Here are two images I would like to offer for the last day of Black History Month in 2108. My great, great grandmother, Narcissa Forrester and her slave doll (c. 1830) from when she was a little girl in Virginia. The doll was made from the clothing of an enslaved woman in her family household. My ancestor was a free woman of mixed heritage and fellow family members manipulated the slave institution to keep their family intact and unbroken by the brutal system of slavery that engulfed much of early America. While some free people of color held slaves for solely economic benefits, others were simply maintaining their family. This occurrence of slaveholding among African heritage people has not received the amount of historic study and interpretation as a more than common “creative survival” technique that helped to maintain family unity within America’s peculiar institution.

These images and the rich and complex stories behind them represent the need for more truthfulness and inclusiveness in the understanding of the complexity of African American history. American history is the collective memory of its entire people, black and white, enslaved and free. To better understand our often-chaotic past, we need to better understand the stories of the people. As we begin to interpret history from the perspective of the person rather than the institution, we gain a much deeper appreciation of both history and the perseverance of the people.

I have found through both professional research and personal experience that a story that begins with human bondage quickly evolves into a story of human perseverance. I have found that for better or worse, far too many historical interpretations focus on the institution of slavery, overshadowing the narratives of African heritage individuals as flesh and blood people, rendering their past lives and accomplishments nearly invisible to the present-day audience. I have also come to appreciate that while the recognition of African enslavement in America as a profound contributing institution to the building of our nation is important, so are the factual stories that portray African heritage people as much more than chattel property.

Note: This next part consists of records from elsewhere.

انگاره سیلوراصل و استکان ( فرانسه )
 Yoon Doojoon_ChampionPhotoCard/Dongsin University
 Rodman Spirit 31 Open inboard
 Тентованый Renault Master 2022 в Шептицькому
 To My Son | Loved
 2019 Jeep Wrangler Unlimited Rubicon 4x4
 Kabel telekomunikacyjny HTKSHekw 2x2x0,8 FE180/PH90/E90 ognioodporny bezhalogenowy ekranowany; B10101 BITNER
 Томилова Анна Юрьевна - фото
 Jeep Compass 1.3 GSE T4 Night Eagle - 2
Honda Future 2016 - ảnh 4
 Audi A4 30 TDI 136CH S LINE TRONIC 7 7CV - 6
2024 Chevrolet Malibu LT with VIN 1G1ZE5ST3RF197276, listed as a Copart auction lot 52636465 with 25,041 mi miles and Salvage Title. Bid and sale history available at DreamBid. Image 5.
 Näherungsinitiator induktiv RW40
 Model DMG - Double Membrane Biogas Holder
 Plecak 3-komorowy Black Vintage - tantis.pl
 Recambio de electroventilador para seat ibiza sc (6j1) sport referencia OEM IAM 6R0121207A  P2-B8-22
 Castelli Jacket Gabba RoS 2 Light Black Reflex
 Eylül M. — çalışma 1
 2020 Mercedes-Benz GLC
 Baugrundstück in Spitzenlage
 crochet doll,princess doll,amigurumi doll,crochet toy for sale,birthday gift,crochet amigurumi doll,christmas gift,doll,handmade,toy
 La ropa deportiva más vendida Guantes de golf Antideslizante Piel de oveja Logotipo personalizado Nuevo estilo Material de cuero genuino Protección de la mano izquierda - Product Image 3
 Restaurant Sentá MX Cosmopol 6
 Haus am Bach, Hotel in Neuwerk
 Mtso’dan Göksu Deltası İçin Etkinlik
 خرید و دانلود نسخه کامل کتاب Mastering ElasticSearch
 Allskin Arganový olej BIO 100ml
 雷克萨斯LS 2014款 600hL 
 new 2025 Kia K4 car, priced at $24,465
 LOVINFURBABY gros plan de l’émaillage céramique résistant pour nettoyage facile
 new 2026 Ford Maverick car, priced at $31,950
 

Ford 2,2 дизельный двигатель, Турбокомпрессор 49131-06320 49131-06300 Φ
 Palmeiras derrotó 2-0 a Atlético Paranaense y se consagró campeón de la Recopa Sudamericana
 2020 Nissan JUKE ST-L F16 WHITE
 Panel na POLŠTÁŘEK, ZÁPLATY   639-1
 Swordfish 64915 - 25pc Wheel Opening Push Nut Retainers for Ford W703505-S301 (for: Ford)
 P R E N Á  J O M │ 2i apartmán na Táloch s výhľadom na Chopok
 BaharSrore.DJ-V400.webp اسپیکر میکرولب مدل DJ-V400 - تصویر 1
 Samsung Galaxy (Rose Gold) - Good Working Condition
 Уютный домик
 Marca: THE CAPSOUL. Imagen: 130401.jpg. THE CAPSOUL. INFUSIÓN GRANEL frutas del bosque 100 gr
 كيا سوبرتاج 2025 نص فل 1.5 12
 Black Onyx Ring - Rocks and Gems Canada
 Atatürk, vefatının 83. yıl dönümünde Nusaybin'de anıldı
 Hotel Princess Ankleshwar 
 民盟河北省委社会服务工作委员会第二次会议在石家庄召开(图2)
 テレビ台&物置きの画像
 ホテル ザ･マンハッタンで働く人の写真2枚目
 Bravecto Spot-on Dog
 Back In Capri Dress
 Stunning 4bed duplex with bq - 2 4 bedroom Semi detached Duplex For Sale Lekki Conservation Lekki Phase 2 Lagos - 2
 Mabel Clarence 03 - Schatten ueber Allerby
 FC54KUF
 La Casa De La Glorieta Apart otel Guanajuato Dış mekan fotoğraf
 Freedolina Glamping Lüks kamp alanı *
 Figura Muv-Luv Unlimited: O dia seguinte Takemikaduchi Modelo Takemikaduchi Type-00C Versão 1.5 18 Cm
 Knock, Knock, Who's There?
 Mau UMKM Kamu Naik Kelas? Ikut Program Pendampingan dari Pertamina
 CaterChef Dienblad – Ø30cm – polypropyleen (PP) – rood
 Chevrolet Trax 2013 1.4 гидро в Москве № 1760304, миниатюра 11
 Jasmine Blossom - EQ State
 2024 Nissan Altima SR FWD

In preparation for Black History Month for 2019, maybe we need to learn a little less about slavery as an institution and a little bit more about the lives of African heritage people. For it is through their blood, sweat and tears, that our great nation was built. To know more about the African heritage people of the past, is to know more about America today and for the future. Movingly stated in an old Proverb from Ghana:

“It is the human being that counts. I call gold, it does not answer. I call cloth, it does not answer. It is the human being that counts.”